Os alegres vermelhos, acharam encantadoramente lindas as ruas cobertas de
pedras topázio azuis e as flores esplendorosas do jardim.
-Ora, ora,
ora, disse maravilhado o
homenzinho, aqui está o pote de ouro !
homenzinho, aqui está o pote de ouro !
No centro da
ponte ali estava um pote imenso, e como ninguém nunca tinha ido
até o meio da ponte, conheciam pela primeira vez o pote.
Olharam no fundo e lá estava :
Ouro de
todas as cores. Cores, verdes, azuis, vermelhas, lilás, rosa, marrom, amarelo e
todos os tons possíveis. Um pote de cores. Eles enfiavam as mãos nas
cores e riam de felicidade.
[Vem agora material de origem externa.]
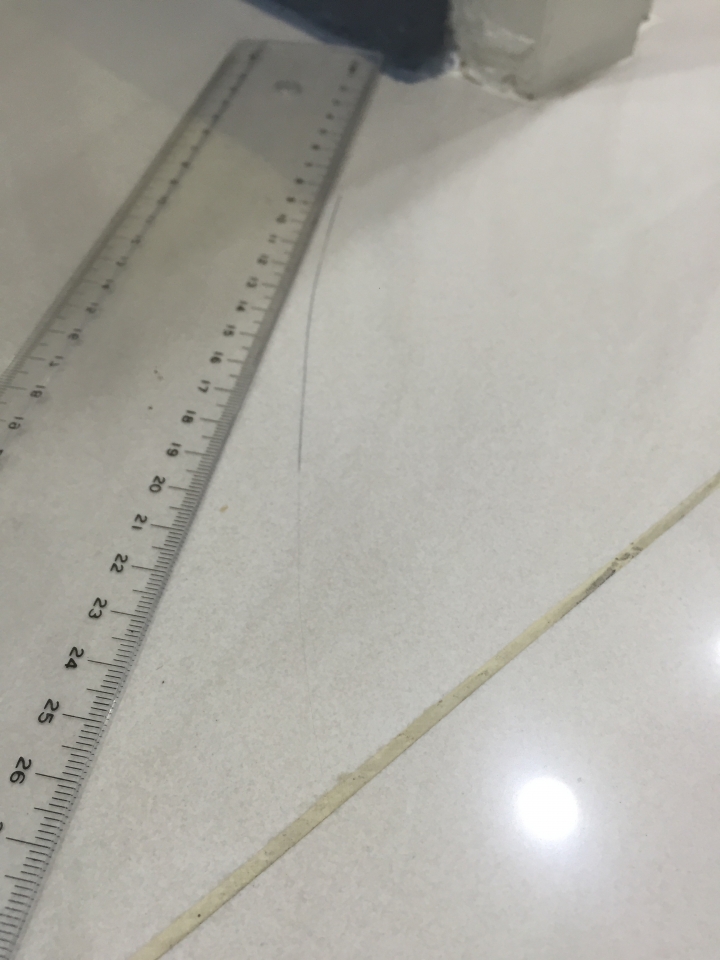 新鋪80x80拋光磚空心-好傷心 - 真的裂了 >.<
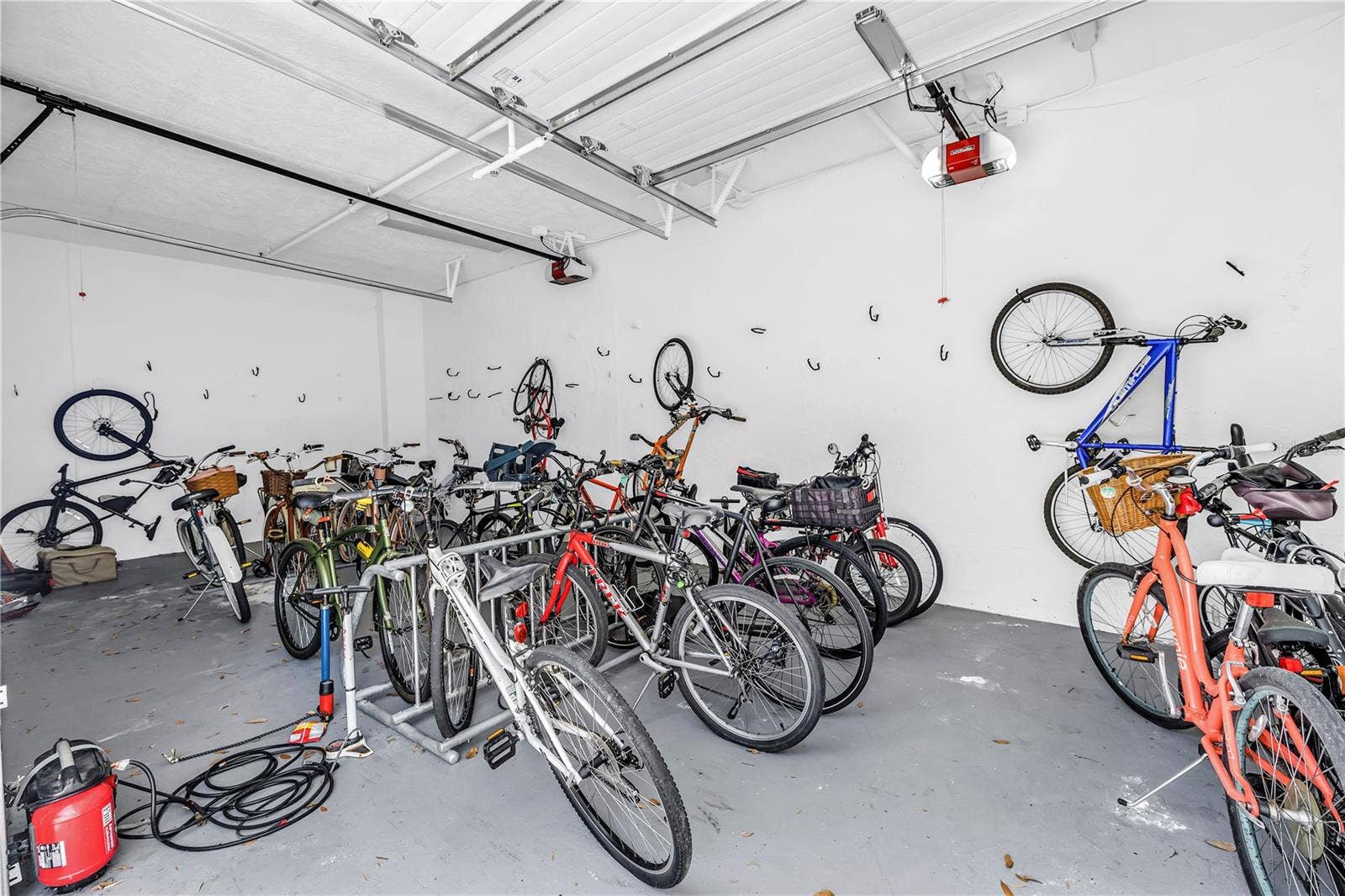 210 5TH AVENUE S, #303, St Petersburg, FL 33701 Secured bicycle storage.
Surpresos , percebiam algo além de vermelho e
azul. Viam, juntos, as flores brancas que espalhavam perfumes por
todo o vale, florzinhas amarelas, rosas, de todas as cores possíveis e
eles admiravam-se com tudo. Como existia algo tão bonito além do azul
e vermelho, como isso era possível . ?
E o
homenzinho espalhou o pote de ouro por todo
o vale.
o vale.
As vezes, é preciso ir lá fora, conhecer a cor do outro, ensinar a sua, misturar as cores e construir juntos o pote do arco-íris.